I was invited this morning by the MIT Graduate Students Council (GSC) to speak to a group of grad students. Here are some thoughts I shared with them:
- MBA students at some point in their life make a list of career options and decide judiciously which ones to rank high on their list (e.g. Investment banking, consulting, VC/PE, startup, GM role in a big corporate). How come grad (MS/Ph.D) students don’t make such a list. Why are grad students given just two choices: (1) do a post-doc or (2) get a job as researcher in industry. Grad students, esp at MIT, should be given a fair chance to consider entrepreneurship as a career. And by that I mean, the entrepreneurs’ journey should be demystified for them. They should be guided on how startups get formed and developed. What roles founders play in a startup’s success and how are they compensated. And then let them choose if it is right for them or not.
- Here are a few things you should definitely look for when deciding whether to take that leap into an entrepreneurial venture or not (my 2 cents worth): (1) Is the team truly kickass; (2) is the idea a BIG one; (3) is the technology disruptive but practical; and (4) are you truly jazzed up about it!
- Its a myth that startups don’t pay much. Startup founders may not make much money (or nothing at all) while they are still looking for funding…but once you get funding, you typically get paid at market rate or not too much below it.
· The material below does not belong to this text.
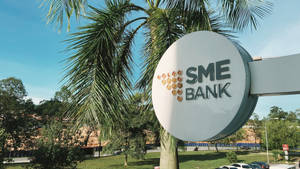 SME Bank標誌被棕櫚樹和綠植環繞，背景是晴朗的藍天。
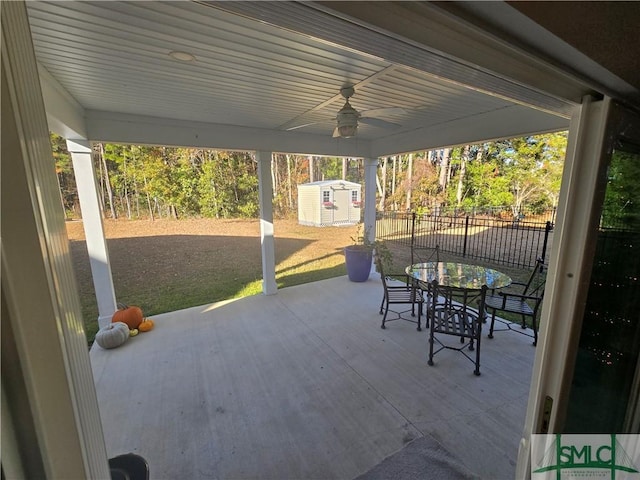 view of patio / terrace with ceiling fan and a storage shed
A typical Ph.D CTO gets paid anything from $100K-$200K. Your ownership in company as a founder is separate and you may even get additional options on defined milestones as bonus. Let’s compare: an assistant professor typically makes less than that, a scientist at a large corporate entity would make similar to that, and while a non-technical profession like management consulting you might pay more (e.g. $150K-$200K starting salary), upside is limited. If you want to have a shot at becoming a millionaire in a few years, there are not many ways better than starting your own company.
- There is a misconception that technical founders don’t share in the upside. Not true. Of course there is a chance your startup might fail (…but hey, you still get a salary while the company stays funded). But if your startup is even a modest success, no matter what the dilution might be for everyone else, key employees’ options are often bumped up by the Board to ensure they have a reason to stick around until the eventual success. You will make a decent amount if the company does reasonably well, and a lot if it takes off like a rocket. While a startup exit may not be large enough for you to retire on it, but its probably higher than annual bonus wearing a white lab coat at Pfizer or P&G (nothing against those jobs). And think about how awesome your resume looks post startup.
- Should I become a VC because they make a lot of money? Well, investors do get a handsome salary, but they don’t make as much money as you might believe. AT least not until they have some big successes. Even then, they get paid out after several years. Don’t confuse a VC fund getting 25% of your enterprise sale value (assuming they owned 25% of your company) with that particular VC guy taking home millions.
- If you really want a VC career, don’t try to over-manufacture your way into it. First and foremost, you probably should not look for a VC position as your first job out of school. It is hard to climb your way to a partnership from the bottom of the totem pole. Just look around and see how many top VCs went into the business straight from school. Most good VCs have demonstrated street cred – they have built businesses, they have empathy for the entrepreneurs’ journey, and they can speak to the experience of a CEO or CTO. For when you do consider a VC career, try to highlight something that truly differentiates you and gives you a huge leg up on everyone else. Be passionate about startups – but how can you really be if you have no idea what they are like? Start a company, consult to startups, have an opinion on the industry and trends, build a network in the entrepreneur community, show killer instincts and insights! With all due respect, being the president of VC/PE club or having taken entrepreneurial finance class during Ph.D doesn’t really set you apart.
- How did I justify to myself that a startup risk was worth it for me? Three things helped me: 1a) I fell in love with the idea and thought it could really change a multibillion dollar industry, (2) I had seen other MIT students start companies and I asked myself ‘why not me’?, and (3) I got comfortable with the fact that with an MIT degree and a half-decent intellect, I could probably always get a job to afford my monthly rent and food. Once that fear of being homeless was gone, risk taking seemed easier.
- Will I stay a VC forever? No idea. If I see a startup idea that I fall in love with AND where I can add meaningful value as an operator, don’t be surprised if you see me jumping ship to the other side.